*BRIEF:*
Within the lines below, the span from the line with "Taylor Brooke Winery-Woodstock必去景点" to the line with "暹罗猫吃草手持镜头视频素材", both ends included, is to be reproduced exactly, with pictures omitted.

*INPUT DATA:*
|---|

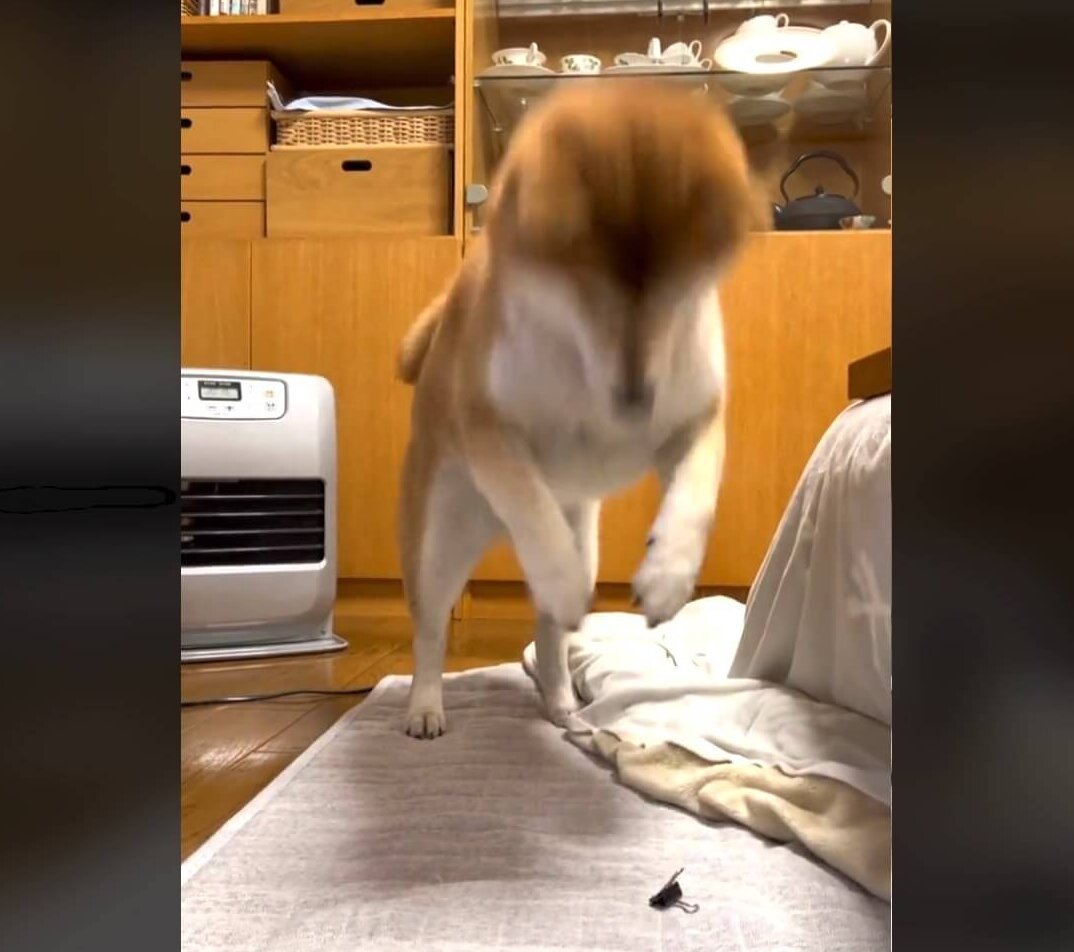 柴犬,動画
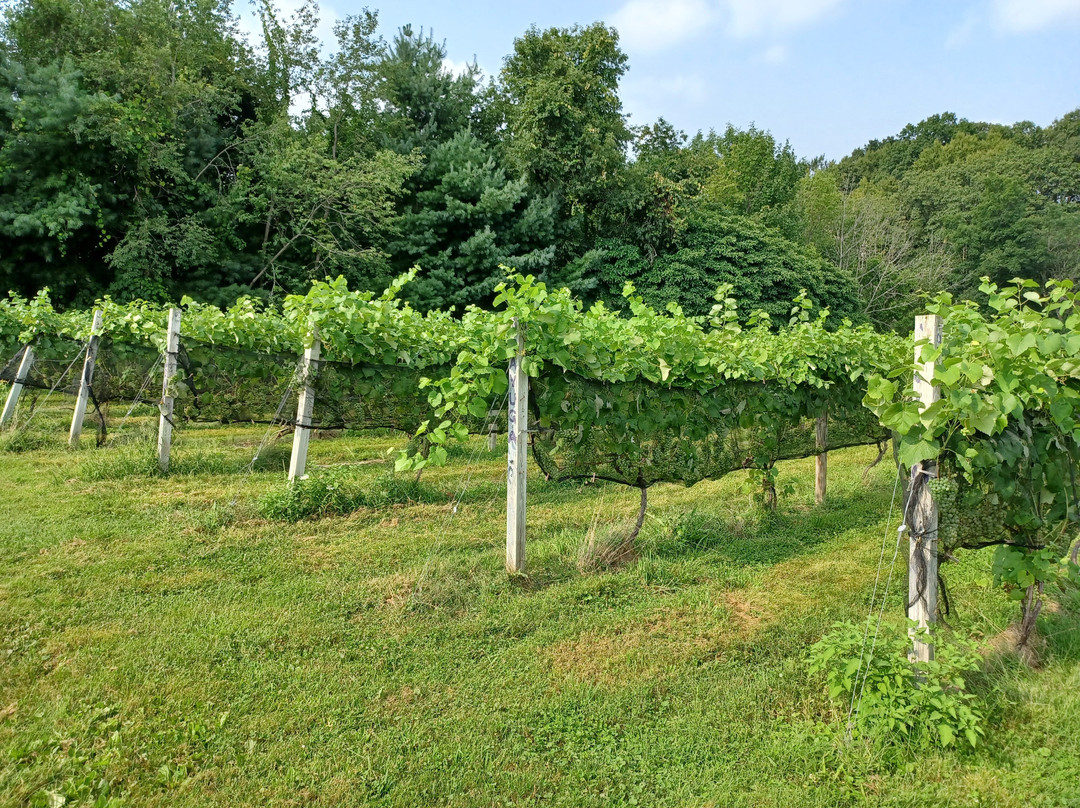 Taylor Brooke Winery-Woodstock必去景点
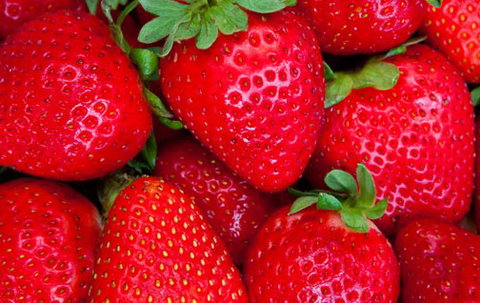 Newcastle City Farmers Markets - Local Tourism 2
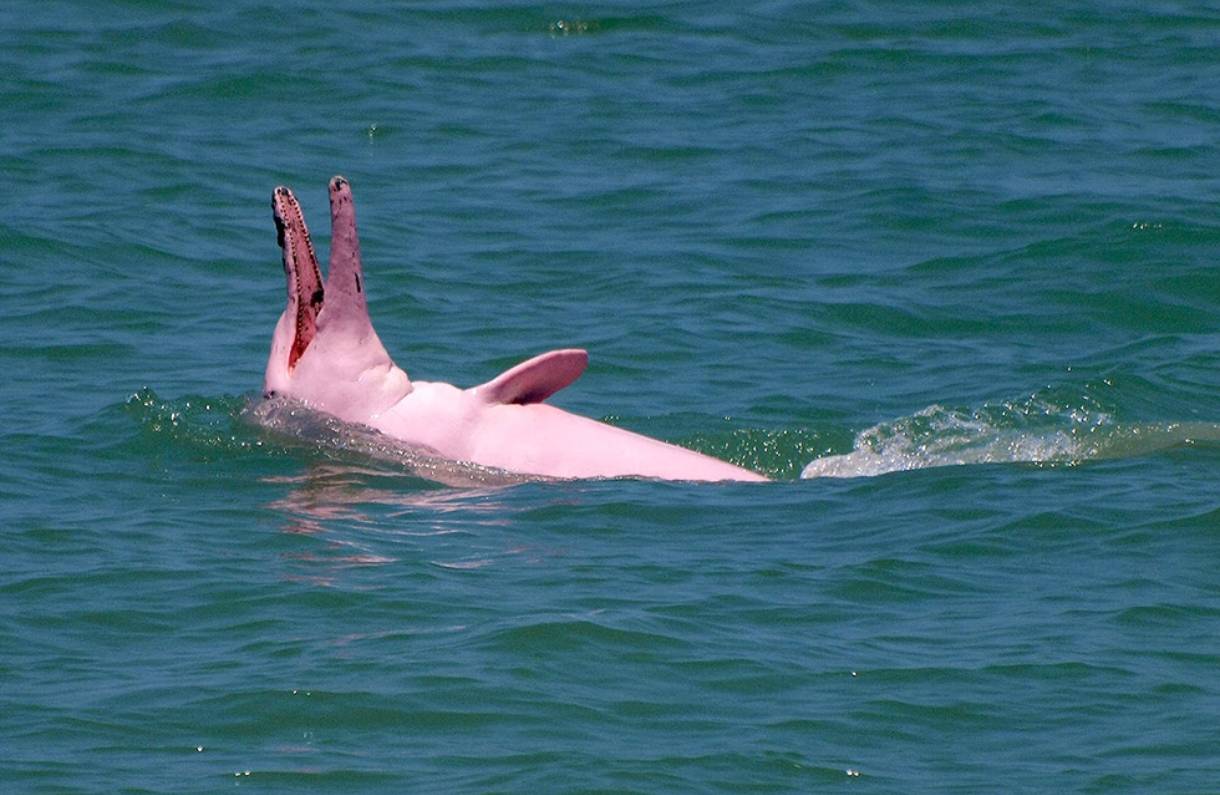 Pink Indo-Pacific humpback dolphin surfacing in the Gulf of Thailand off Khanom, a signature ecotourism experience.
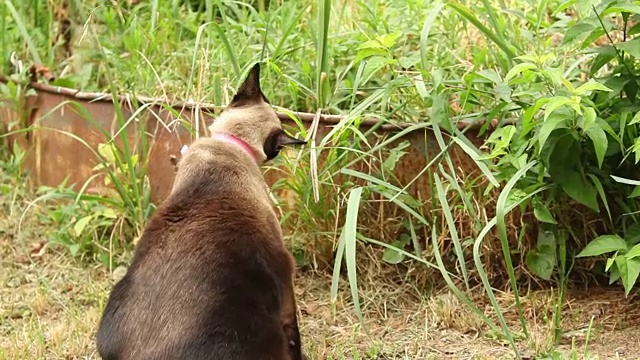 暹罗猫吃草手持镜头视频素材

|---|

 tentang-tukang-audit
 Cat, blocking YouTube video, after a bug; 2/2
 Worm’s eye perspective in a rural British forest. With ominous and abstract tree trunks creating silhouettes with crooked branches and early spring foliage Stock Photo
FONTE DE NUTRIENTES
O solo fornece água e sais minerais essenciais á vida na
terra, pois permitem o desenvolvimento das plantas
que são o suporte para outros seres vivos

|---|

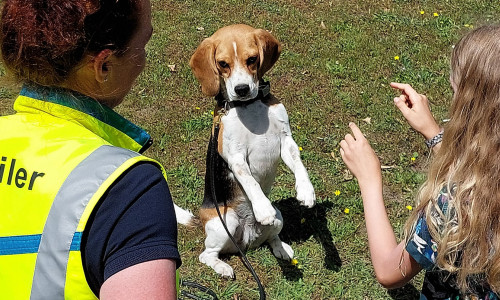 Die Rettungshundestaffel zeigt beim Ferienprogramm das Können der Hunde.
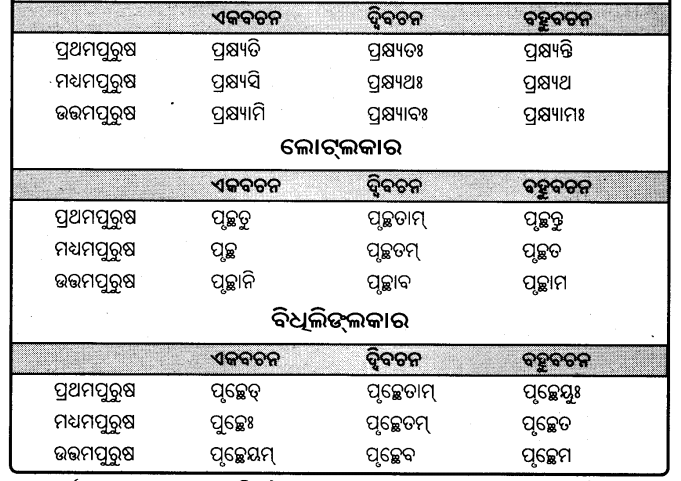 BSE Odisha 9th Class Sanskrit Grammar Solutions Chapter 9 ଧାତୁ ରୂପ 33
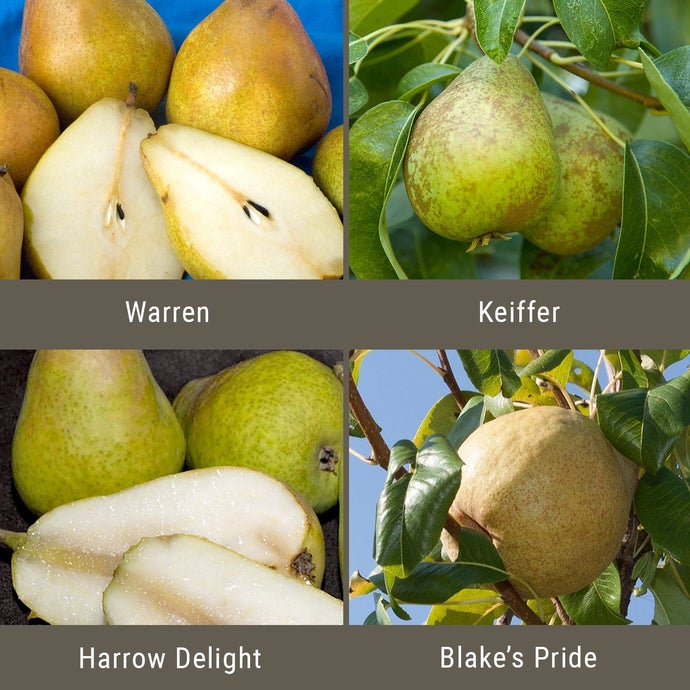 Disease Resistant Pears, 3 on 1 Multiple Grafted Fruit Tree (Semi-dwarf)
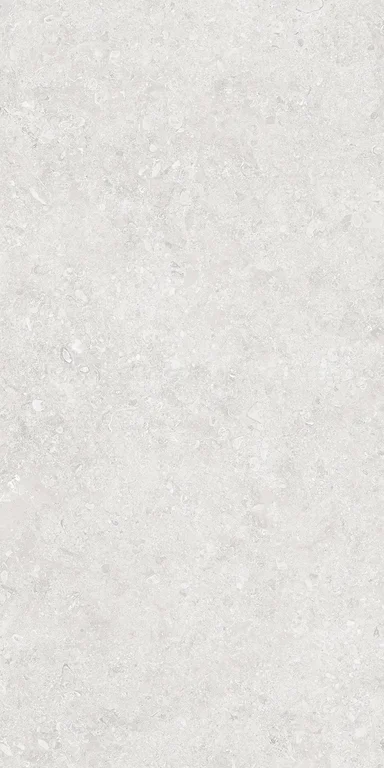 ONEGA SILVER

|---|

*ANSWER BOX:*
 Taylor Brooke Winery-Woodstock必去景点
 Newcastle City Farmers Markets - Local Tourism 2
 Pink Indo-Pacific humpback dolphin surfacing in the Gulf of Thailand off Khanom, a signature ecotourism experience.
 暹罗猫吃草手持镜头视频素材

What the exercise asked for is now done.